Brown: Following own footsteps challenging for Ferentz

Rick Brown

Iowa Hawkeyes head coach Kirk Ferentz talks to referees during the fourth quarter of the TaxSlayer Bowl. Tennessee beat the Iowa 45-28. The Hawkeyes are 26-25 in the last four seasons under Ferentz and have not been ranked during that time.

JACKSONVILLE, Fla. – You are what your record says you are. Pro Football Hall of Famer Bill Parcells coined that phrase, and Kirk Ferentz has repeated it many times during his term as Iowa's football coach.

"We're 7-6," Ferentz said after watching his team get thumped by Tennessee, 45-28, in Friday's TaxSlayer Bowl. "We've been 7-6 before. We've been 4-8. We've been 11-1, 11-2. That's where we're at."

Unranked since late in the 2010 season, the last time Iowa won a bowl game. With 10 starters to replace in 2015. That's where we're at.

Ferentz took over as coach in 1999. He replaced Hayden Fry, the man who hired him as an assistant in 1981. Ferentz, who coached his 200th game as the Hawkeyes' head man Friday, is 115-85. Fry won a school-record 143 games in 20 seasons.

Fry took Iowa to 14 bowl games. His last one was less than memorable. His team got dominated in a 17-7 loss to Arizona State in the 1997 Sun Bowl, finishing 7-5. Iowa was 3-8 a season later, Fry retired and Ferentz was the next man in.

Ferentz rebuilt the program in short order, going to a bowl game in his third season. He won two Big Ten titles, went to two Orange Bowls, won at least 10 games for three straight seasons starting in 2002, did it again in 2009 and saw those four teams finish in the Top 10 of the national polls.

He was romanced by several NFL franchises, which sent a large portion of Iowa's fan base into panic. But Ferentz stuck around, and now he's in the position of trying to follow in his own footsteps. It hasn't been easy. Iowa is 26-25 the past four seasons, with no bowl victories or national rankings.

Panic in the fan base has an entirely different vibe now heading into the 2015 season. With a mediocre home schedule and the Hawkeyes' recent track record, the prospect of selling season tickets will be challenging.

And between now and Sept. 5, when Ferentz opens his 17th season against a dangerous Illinois State team that plays North Dakota State for the FCS national title Jan. 10, there are plenty of questions to be answered.

Will both Jake Rudock and C.J. Beathard return at quarterback, and who will start if they do? And what kind of quarterback is Tyler Wiegers, who will be a redshirt freshman?

Will Greg Davis return? Iowa's offensive coordinator has been a magnet for criticism the past three seasons.

Will this program ever find another home-run hitter at running back, and who will be added during February's letter of intent signing period?

What will Iowa do to improve its speed on the edges defensively, where Tennessee and others schooled the Hawkeyes this season?

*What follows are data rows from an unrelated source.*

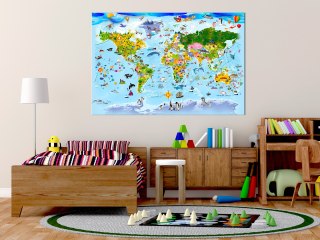 Obraz na korku - Mapa dla dzieci: Kolorowe podróże [Mapa korkowa] 60x40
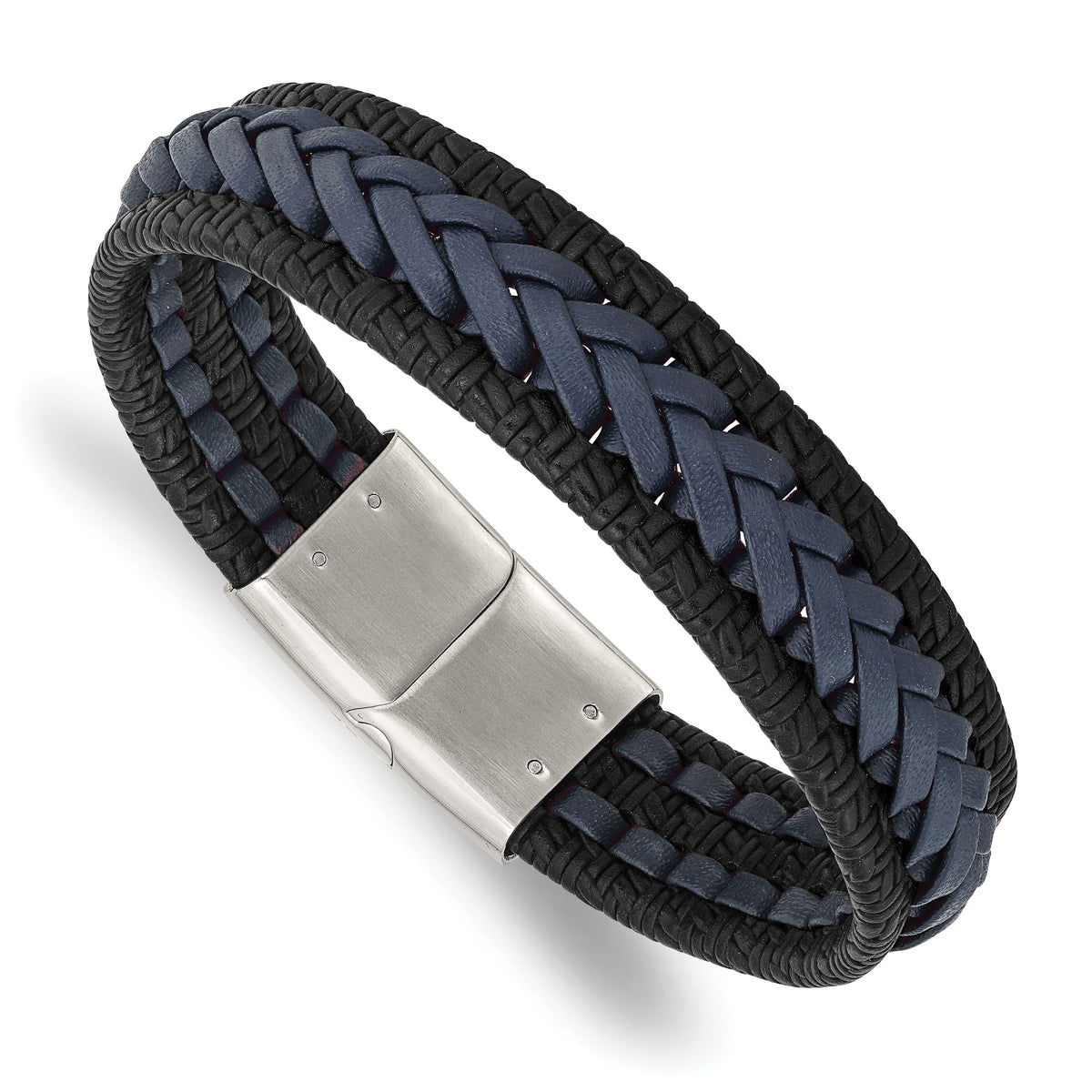 Chisel Stainless Steel Polished Black and Blue Braided Leather 8.25 inch Bracelet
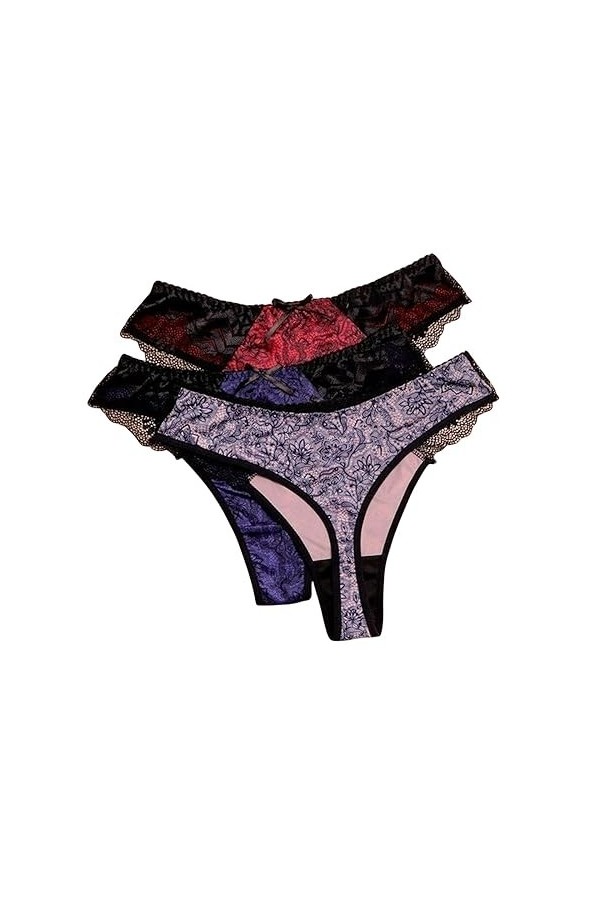 LLaviD Culotte Femme 3pcs Lot Tongs pour Les Femmes De Grande Taille De Grande Taille L-5xl String pour Filles Scénario Culte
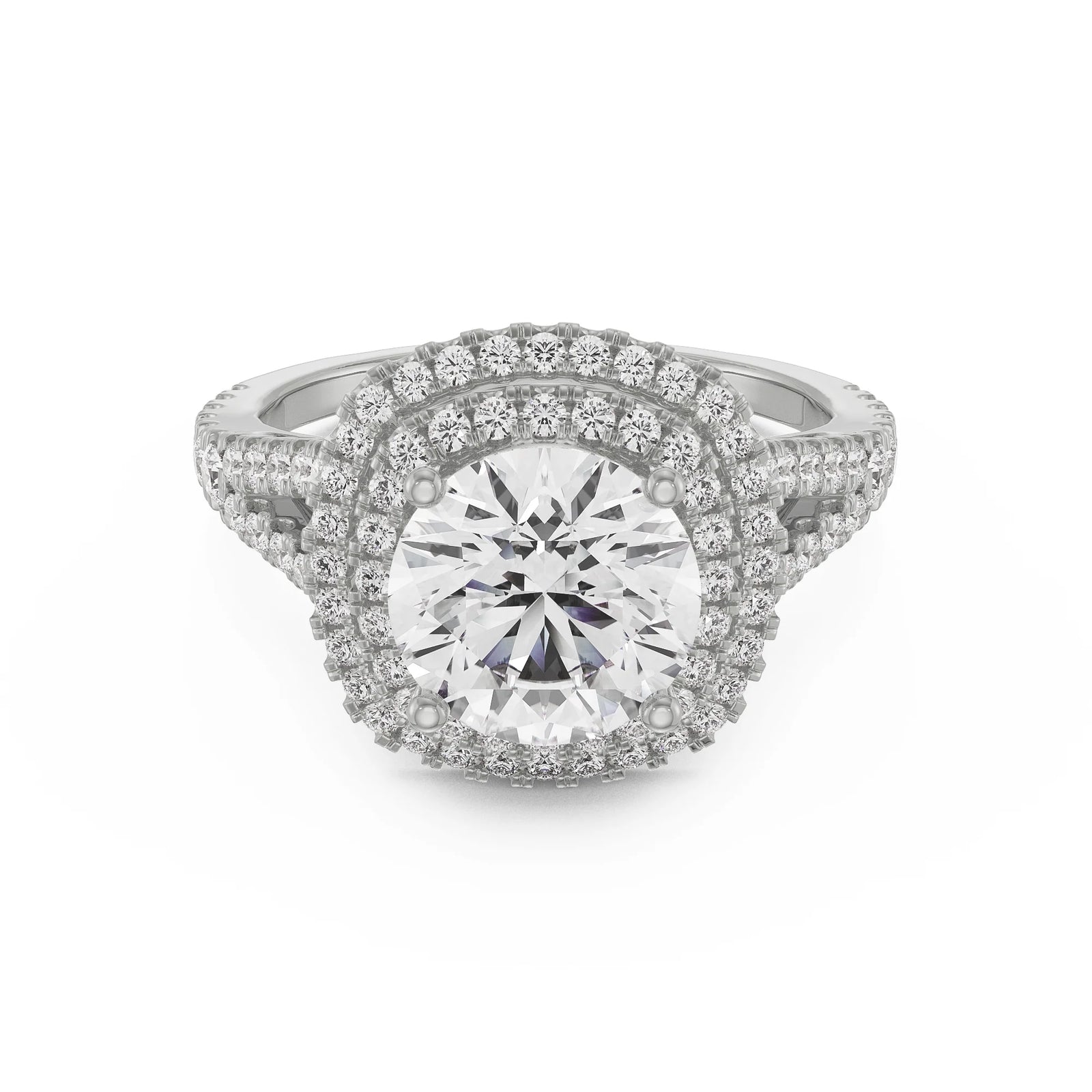 Duo Band Halo Ring Front View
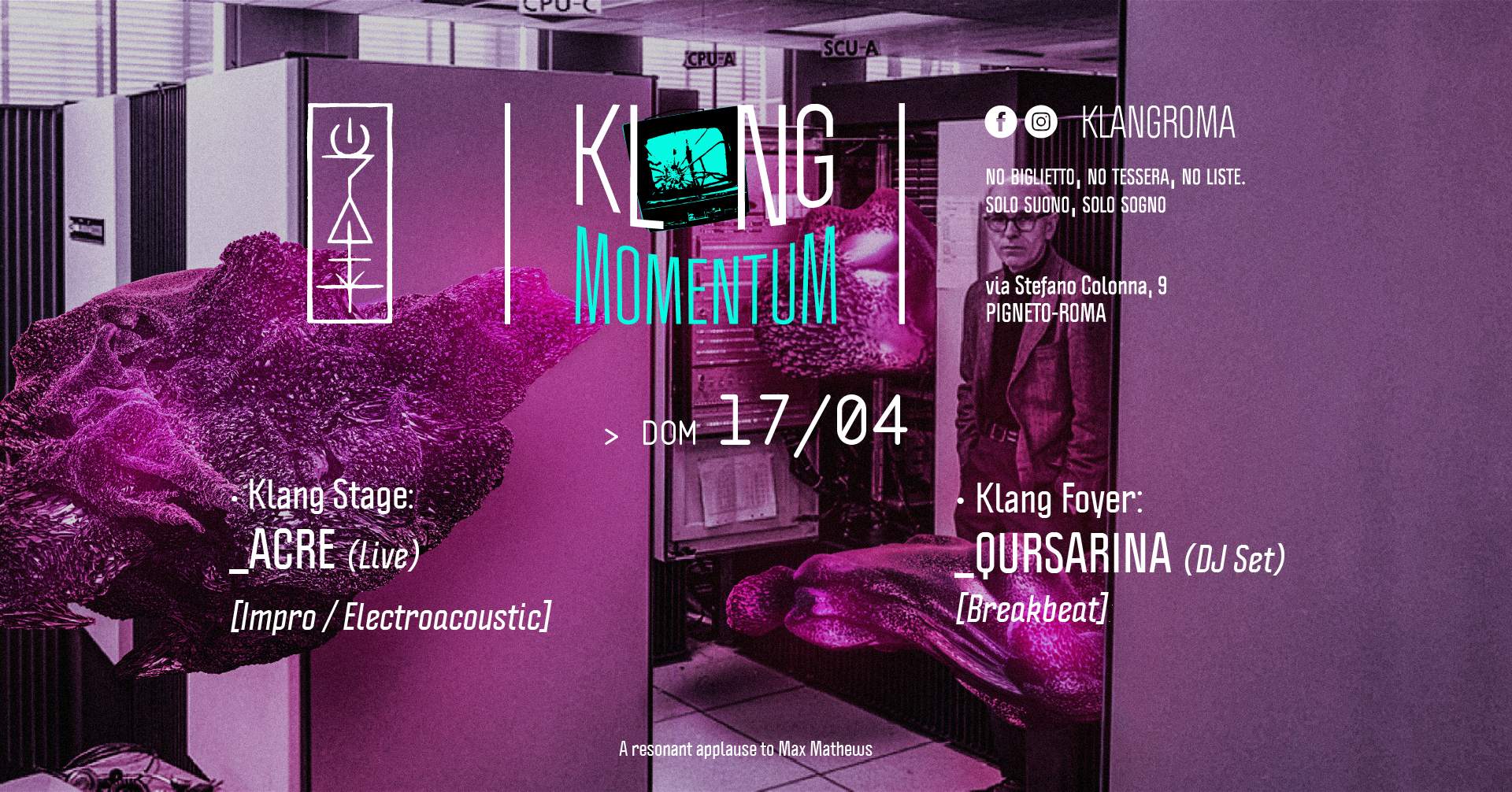 Klang Momentum presenta: Acre (Live) + Qursarina (DJ Set) - フライヤー表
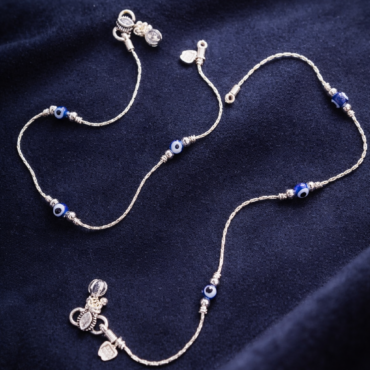 Protective Evil Eye Silver Anklet with Blue Beads for Women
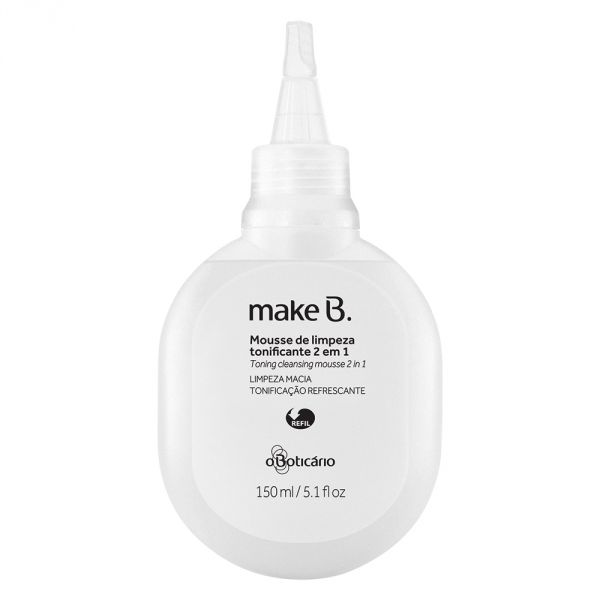MAKE B. REFIL MOUSSE DE LIMPEZA TONIFICANTE 2 EM 1, 150ML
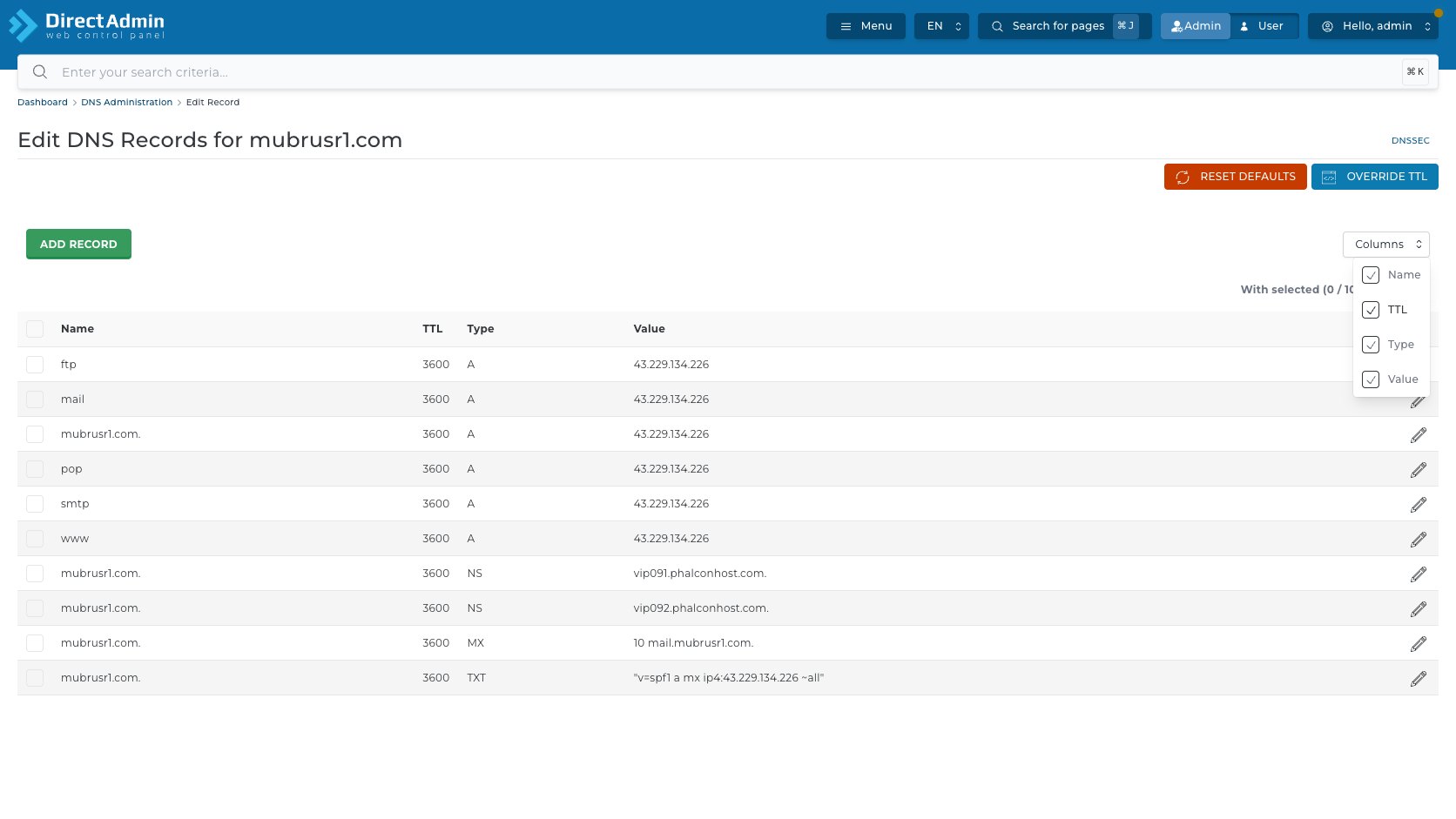 ภาพหน้าจอ Columns dropdown ในหน้า Edit DNS Records แสดงตัวเลือก Name TTL Type และ Value พร้อมตาราง DNS records
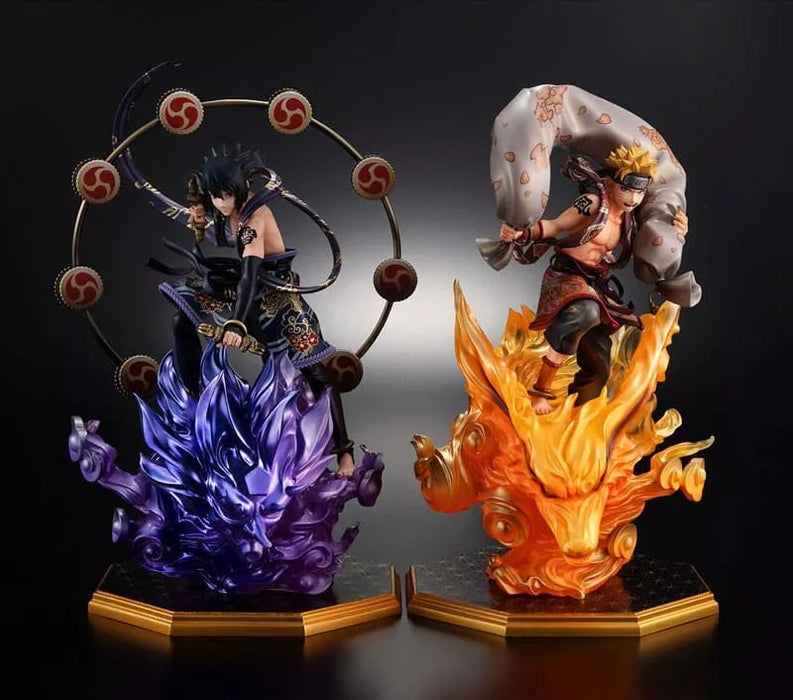 Naruto Shippuden Figurine Precious G.E.M. Series Naruto Uzumaki Wind God & Sasuke Uchiha Thunder God 28cm Figure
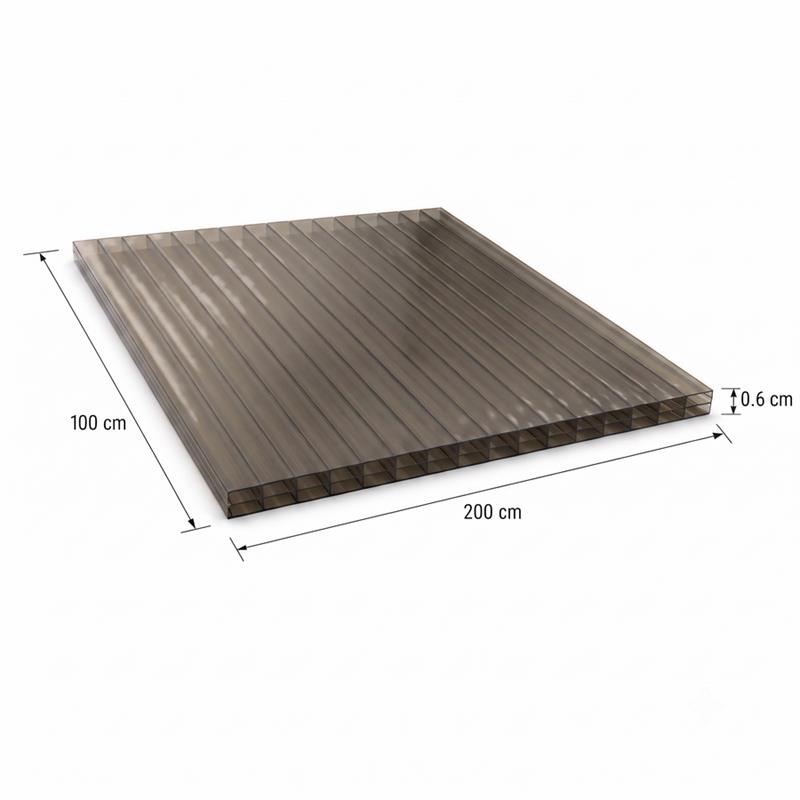 PANNELLO FUME' IN POLICARBONATO ALVEOLARE 100X200X0,6 CM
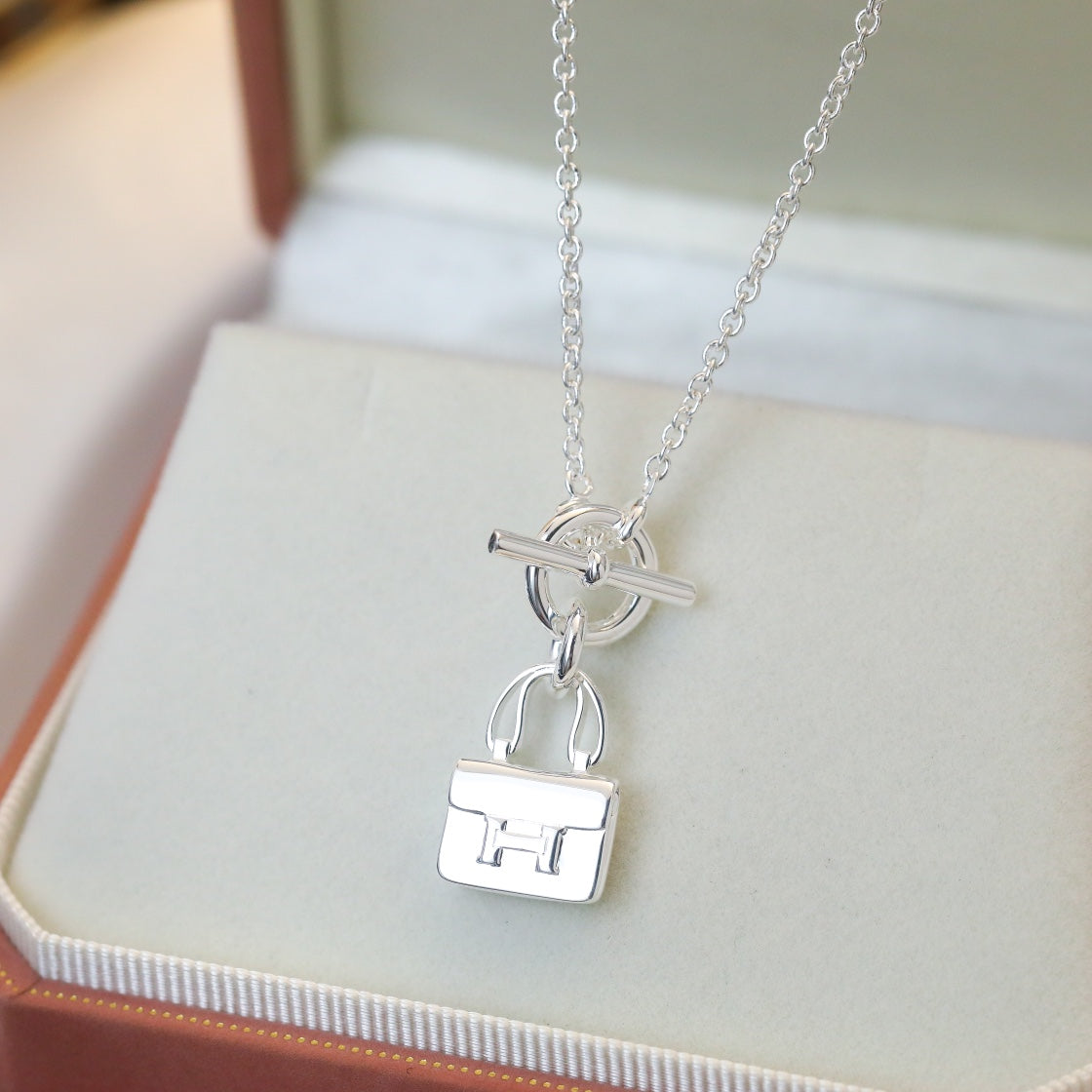 [Stellar Jewelry]POP H PEDANT SILVER NECKLACE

Who will step in the for the 10 departing seniors, a list that includes Outland Trophy winner Brandon Scherff; Kevonte Martin-Manley, the school's career receptions leader; Mark Weisman, whose 32 career touchdowns were one shy of the school record held by Sedrick Shaw and Tavian Banks; and defensive tackles Carl Davis and Louis Trinca-Pasat, considered among the best in the Big Ten?

The value of a bowl bid, even one as forgettable as Friday's one-sided loss, is the practice time and development opportunities that come with it. Ferentz said a lot of players made significant progress, which didn't make it to the field Friday.

"I'm confident it's going to show in time," Ferentz said, adding, "I don't believe it's going to go down the drain."

For a program that has spun in neutral for the past four seasons, now would be a good time for that progress to show up on the field.